Es waren durchaus kontroverse Gespräche auf der Club-Bühne im Domicil. Dort saßen unterschiedliche Vertreter aus Club- und Gastro-Szene sowie von Politik und Verwaltung zusammen, aus dem Publikum mischten weitere Akteure aus dem Dortmunder Nachtleben mit.

Vergnügungssteuer und Probleme mit Kiosken

Viele Themen flogen durch den Raum, die zeigten, an wie vielen Stellen das Nachtleben mit dem Rest der Gesellschaft verzahnt ist. Das beginnt bei Rahmenbedingungen wie der Vergnügungssteuer, die möglicherweise bald dauerhaft ausgesetzt werden könnte. Das führt weiter zu der Frage nach der Mobilität in Dortmund in den Abend- und Nachtstunden.

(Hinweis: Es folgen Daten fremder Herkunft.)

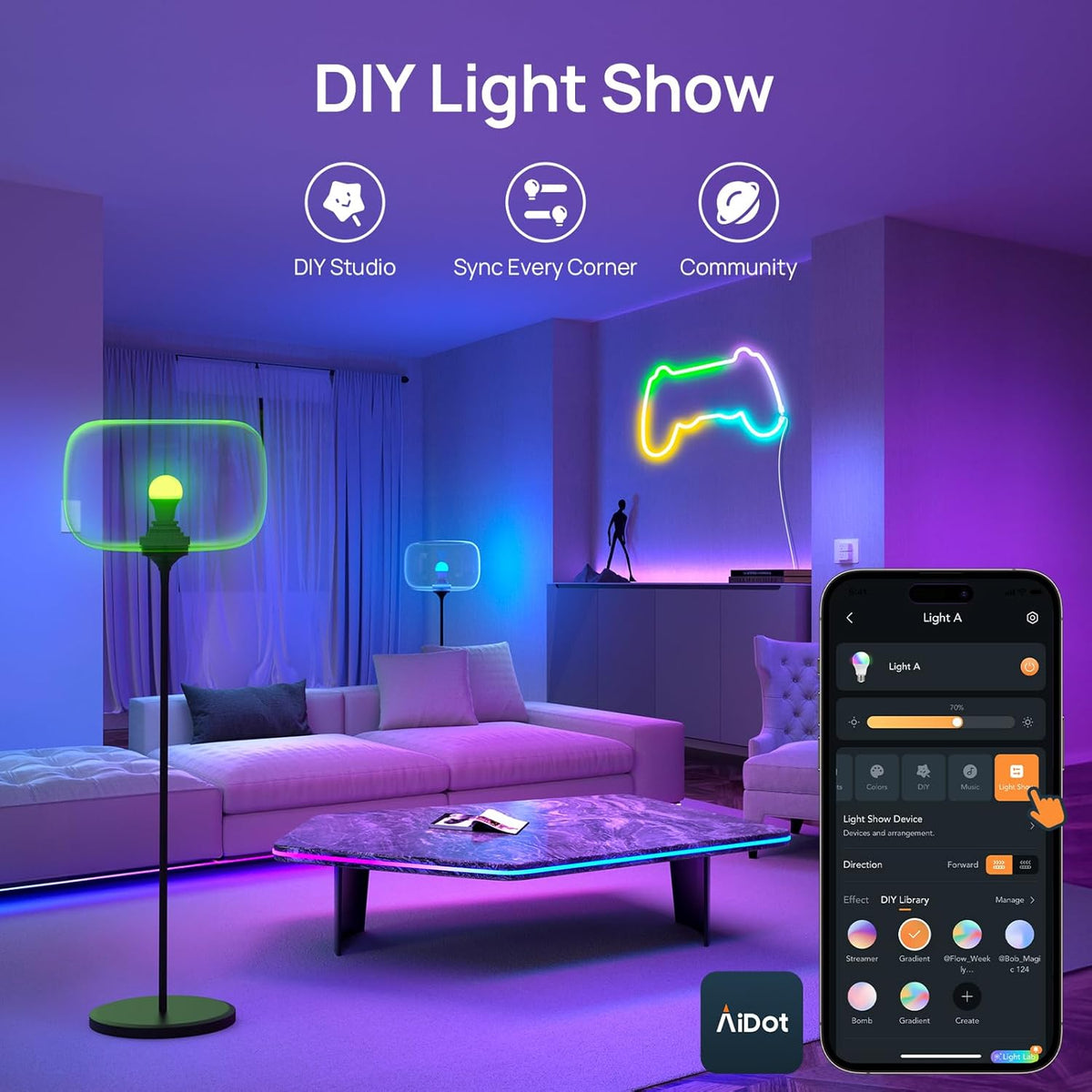 Linkind Smart Light Bulbs, Smart Bulb That Work with Alexa & Google Home, LED Light Bulbs Color Changing, 104 Preset Scene, Music Sync, A19 E26 2.4GHz RGBTW WiFi Bluetooth Light Bulb 60W, 800LM, 4Pack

Und endet letztlich beim Umgang mit einer veränderten Art des Ausgehens. Viele junge Menschen sind auf Outdoor-Erlebnisse und günstiges Vergnügen ausgerichtet und kommen häufig gar nicht mehr in den Clubs an.

„Generation Kiosk“ nannte das ein Teilnehmer. Mit „diese scheiß Kioske“, fasste es ein anderer zusammen. Denn günstiger Alkohol bis tief in die Nacht ist eine schmerzhafte Konkurrenz für Betriebe, die auch vom Getränkeverkauf leben. Erst recht in Zeiten von steigenden Energiekosten, Nachwuchsmangel und Corona-Nachwehen.

Aber, auch das machte „Stadt nach Acht“ noch einmal deutlich: Dortmund kann solchen Entwicklungen immer wieder trotzen. Weil immer wieder neue Akteure oder Kollektive auf den Plan treten. Und, weil bei allen Unterschieden und bei aller auch berechtigter Kritik an der Nachtleben-Struktur viele Interessengruppen Teil des Dialogs sind.

Es brauchte auch deshalb die „Stadt nach Acht“-Konferenz, um zu merken, dass dies keine Selbstverständlichkeit ist.